CX_SoundStream soundStream; //Assume this has been or will be set up elsewhere.
ExampleOutputClass sineOut; //Make an instance of the class.
//For event soundStream.outputEvent, targeting class instance sineOut, call callbackFunction of that class instance.
ofAddListener(soundStream.outputEvent, &sineOut, &ExampleOutputClass::callbackFunction);

From now on, whenever soundStream needs more output data, sineOut.callbackFunction will be called automatically. The data that you put into the output buffer must be of type float and bounded between -1 and 1, inclusive. You can remove a listener to an event with ofRemoveListener. More information about the events used by openFrameworks can be found here: http://www.openframeworks.cc/documentation/events/ofEvent.html.

Directly accessing input data works in a very similar way. You need a class with a function that takes a reference to a CX::CX_SoundStream::InputEventArgs struct and returns void. Instead of putting data into the output buffer, you would read data out of the input buffer.

Troubleshooting Audio Problems

It is often the case that audio playback problems arise due to the wrong input or output device being used. For this reason, CX_SoundStream has a utility function that lists the available devices on your system so that you can select the correct one. You do this with CX::CX_SoundStream::listDevices() like so:

cout << CX_SoundStream::listDevices() << endl;

Note that listDevices() is a static function, so you use the name of the CX_SoundStream class and :: to access it.

CX_SoundStream uses RtAudio (http://www.music.mcgill.ca/~gary/rtaudio/) internally. It is possible that some problems could be solved with help from the RtAudio documentation. For example, one of the configuration options for CX_SoundStream is the low level audio API to use (see CX::CX_SoundStream::Configuration::api), about which the RtAudio documentation provides some help (http://www.music.mcgill.ca/~gary/rtaudio/classRtAudio.html#ac9b6f625da88249d08a8409a9db0d849). You can get a pointer to the RtAudio instance being used by the CX_SoundStream by calling CX::CX_SoundStream::getRtAudioInstance(), which should allow you to do just about anything with RtAudio.

Audio Latency

OpenFrameworks and, by extension, CX use the RtAudio library, which provides a cross-platform wrapper for different audio APIs. RtAudio provides a consistent interface across platforms and APIs and that interface is what will be described here.

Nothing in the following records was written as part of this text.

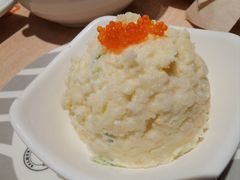 -新一番三文鱼寿司(大东海店)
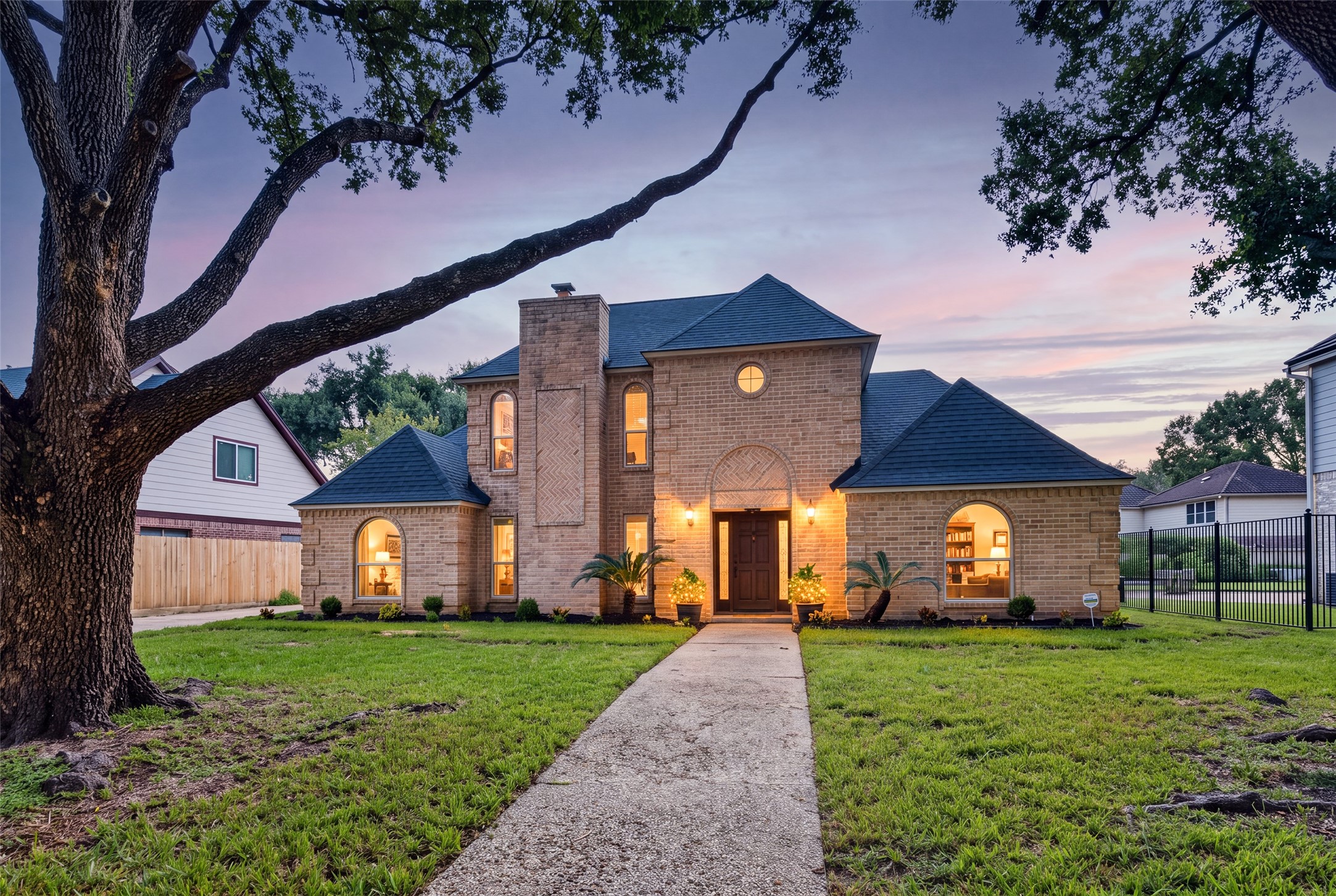 707 Cranfield Court, Katy, TX 77450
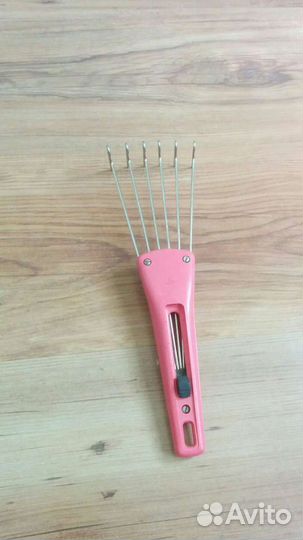 Садовый инвентарь СССР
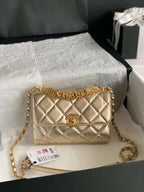 LO - CHL  BAGS FOR WOMEN - FASHION LUXURY BAGS - 604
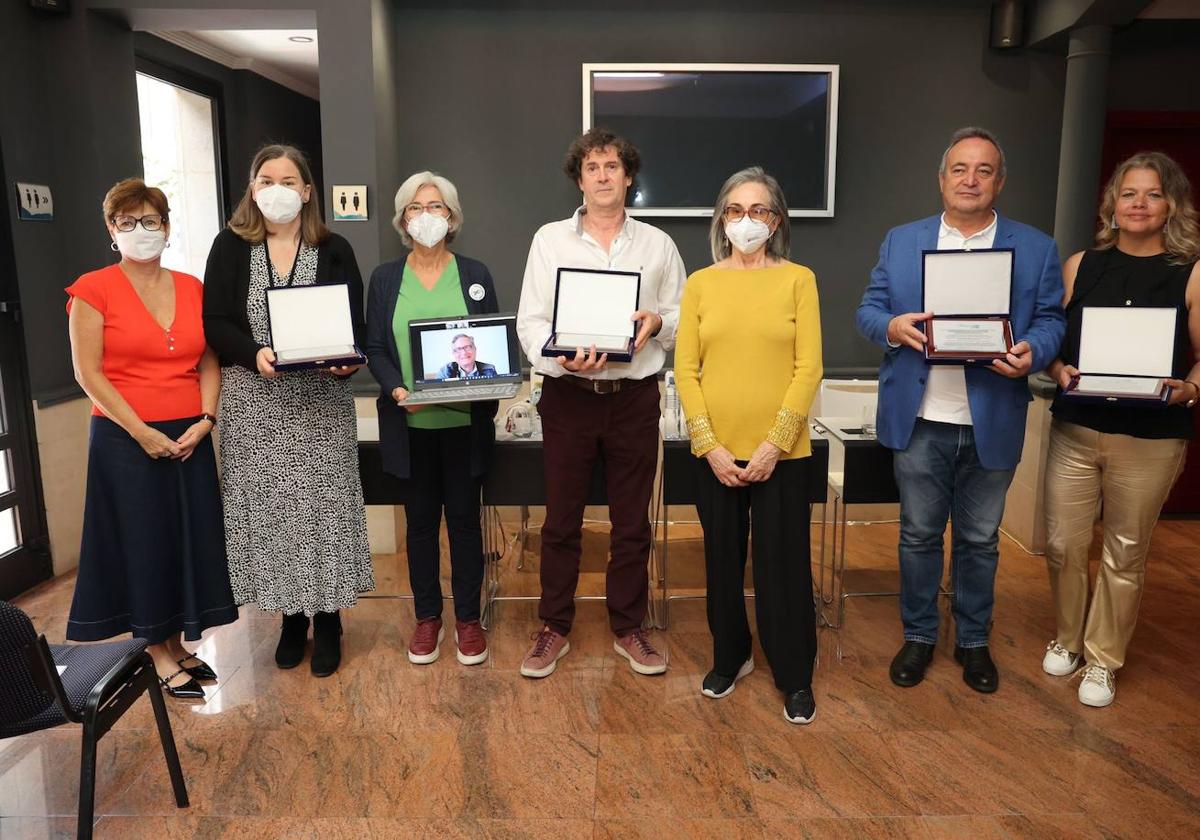 Los pacientes de covid persistente de Canarias reconocen a quienes no los han olvidado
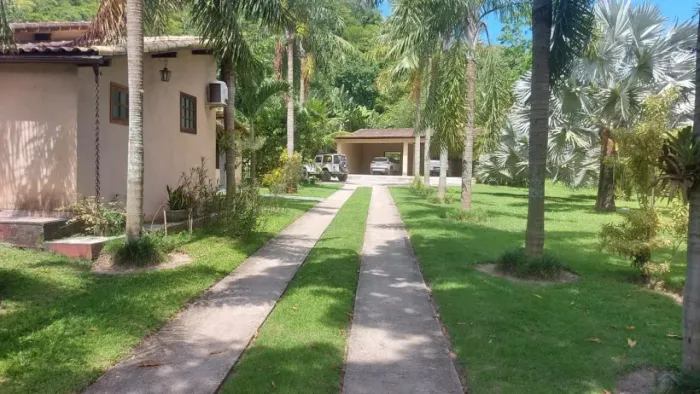 Sítio / Chácara para Venda em Rio de Janeiro, Ilha de Guaratiba, 3 dormitórios, 1 suíte, 5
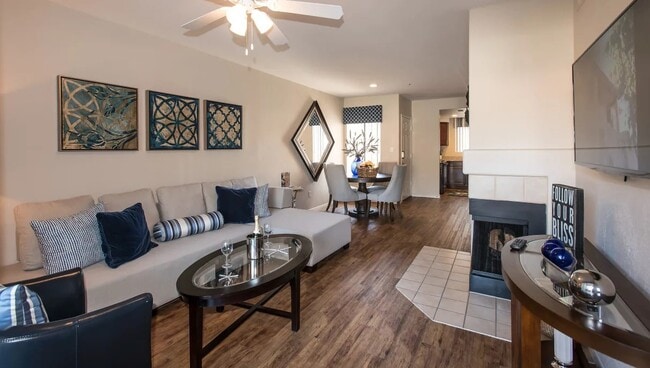 Scottsdale Highlands Apartments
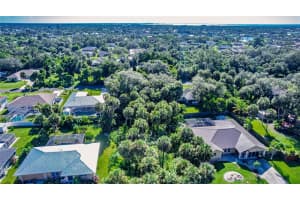 4339 RANDYPAAR STREET, PORT CHARLOTTE, FL 33948 Sold 11/19/25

The core of how audio data is given to the hardware that creates the physical stimuls is very similar to the way in which visual stimuli are presented. For visual stimuli, there are two data buffers. One of the buffers is actively being presented while the other buffer is being filled with data in preparation for presentation. Similarly, for audio data, there are at least two buffers. One buffer is presented while another buffer is being filled with data. Whenever the sound hardware finishes presenting one buffer's worth of data, it starts presenting the next buffer of data and it requests a new buffer of data from the audio data source (e.g. a CX_SoundBufferPlayer). When the hardware is done presenting a buffer of data, if the next buffer is not ready, an audio glitch will occur. Typically what happens is that there is a brief moment of silence before the next buffer of data is ready. Also, "clicks" or "pops" are often heard surrounding the silence. Due to these glitches, it is very important that the next buffer of audio data can consistently be filled before the active buffer is emptied. Glitches can be reduced or eliminated by 1) using multiple buffers (which is possible with some audio APIs, but not many) or 2) increasing the size of the buffers. By increasing the size of the buffers, it increases the probability that a buffer of new data will be filled before the active buffer is emptied.

On the other hand, we would like to minimize latency. Latency occurs in audio data because at the time at which you request a sound to be played, there is already some amount of data already in the buffers ahead of the sound you want to play. The new sound that you requested is put at the back of the queue. Typically, the next time that a new buffer worth of data is requested, your sound data will be put into the start of that buffer. The fewer buffers that are in front of the new data, the sooner the new data will make its way to the front of the line and actually get presented. The smaller the buffers are, the smaller the delays between buffers, so your data can be queued more quickly. The best way to minimize latency is to 1) have fewer buffers (minimum of 2: the active buffer and the buffer being filled) and 2) reduce the size of the buffers. Clearly, there is a tradeoff between latency and glitches. The standard recommendation is to aggressively minimize latency until you start to notice glitches, then back off until you stop detecting glitches.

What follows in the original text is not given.